Janvier 2016


Ouin. Je suis vraiment, vraiment en retard. Je ne sais plus comment le dire. Je viens de me mettre des notes au calendrier pour m’assurer d’écrire plus régulièrement! Parce que non seulement je ne manque pas de choses à vous dire, mais la santé ne prend pas de congé, alors j’ai plein de trucs à vous raconter!

Alors… il s’est passé deux trucs d’importance en janvier dernier…

Vers la mi-janvier, j’ai enfin eu mon échographie axillaire. Pour éliminer définitivement le spectre de cancer du sein. Mais comme ça faisait déjà quelque chose comme 16 mois après le rendez-vous chez le médecin où il m’avait confirmé que j’avais une masse à l’aisselle et une 2e au sein droit… je n’étais plus trop inquiète. J’aurais eu le temps de mourir en masse si j’avais eu quelque chose de grave. Quand on m’a appelé pour le rendez-vous, j’étais confuse : “Écho… écho pour quoi?”. J’avais oublié depuis longtemps. Heureusement qu’à la mammographie on m’avait rassuré et que l’échographie n’était que “pour être bien certains”.

D’ailleurs, à l’hôpital, quand on m’a demandé pourquoi j’étais là et depuis quand on avait senti une masse… la technicienne et le médecin n’en revenaient pas. Jamais le délai n’est si long (même s’il est plus long qu’ils le souhaiteraient)! Ah bin, quelle chance.

Tel que prévu, le résultat est normal. Je veux dire, il n’y a pas de résultat. Le médecin qui a fait le test a pris son temps, a passé et repassé, ratissé large, tenté de voir où pourrait être la bosse, ce que ça pourrait être… mais n’a rien trouvé.
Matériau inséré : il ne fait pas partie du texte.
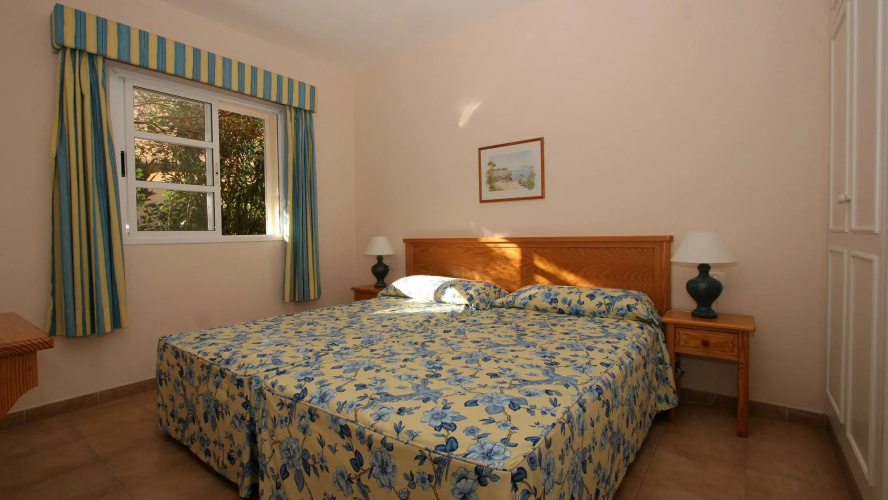 Apartamentos Jardin del Conde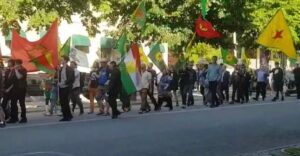 STOCKHOLM (AA) – İsveç'in Göteborg kentinde Götaplatsen Meydanı'nda toplanan bir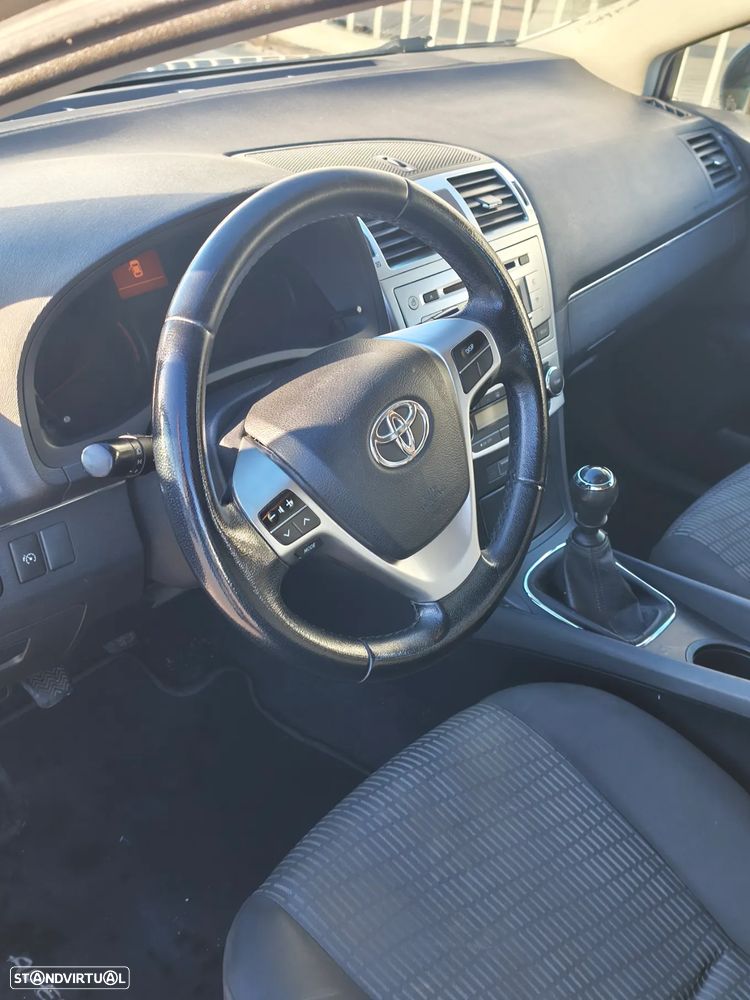 Toyota Avensis SW 2.0 D-4D Comfort - 4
C’est rassurant.

Ça semble confirmer la théorie de la technicienne à la mammographie : une glande qui réagit plus fortement aux variations de mon système immunitaire, déjà hyperactif. Dès que je suis atteinte par une infection, ou plus fatiguée, ça enfle et ça me fait plus mal. Je n’avais jamais vraiment remarqué de lien, mais c’est plausible.

Quant à la 2e masse que le médecin avait senti dans mon sein droit… eh bien, suite à une réduction mammaire en 1999, il est bien possible que ce ne soit que du tissu cicatriciel, surtout avec le syndrome d’Ehlers-Danlos et notre tendance à cicatriser tout croche!

 

Fin janvier, c’était le moment de mon rendez-vous annuel avec mon amie l’optométriste (vraiment une amie, depuis plus de 20 ans!). Comme toujours, elle a fait tous les tests requis pour s’assurer que je n’ai pas le début d’aucune des complications liées au SED (décollement de rétine, dégénerescence maculaire, etc). Je pourrais aller voir une ophtalmologiste à la place, mais je me sens en confiance avec elle, parce que je sais qu’elle a pris le temps de bien s’informer du syndrome d’Ehlers-Danlos et après chaque test, s’empresse de me rassurer que tout va bien.
Quand on a perdu tant de choses, le risque de perdre la vue est très paniquant. Enfin, il l’est certainement tout autant pour n’importe qui! C’est juste que… j’ai un peu réussi à faire le deuil de ma vie d’avant, de ne plus danser, de ne pas avoir la vie prévue… je me doute que je serai éventuellement en chaise roulante, je sais que je vais toujours vivre dans la douleur; mais je ne suis pas du tout prête à une vie dans le noir EN PLUS de tout cela.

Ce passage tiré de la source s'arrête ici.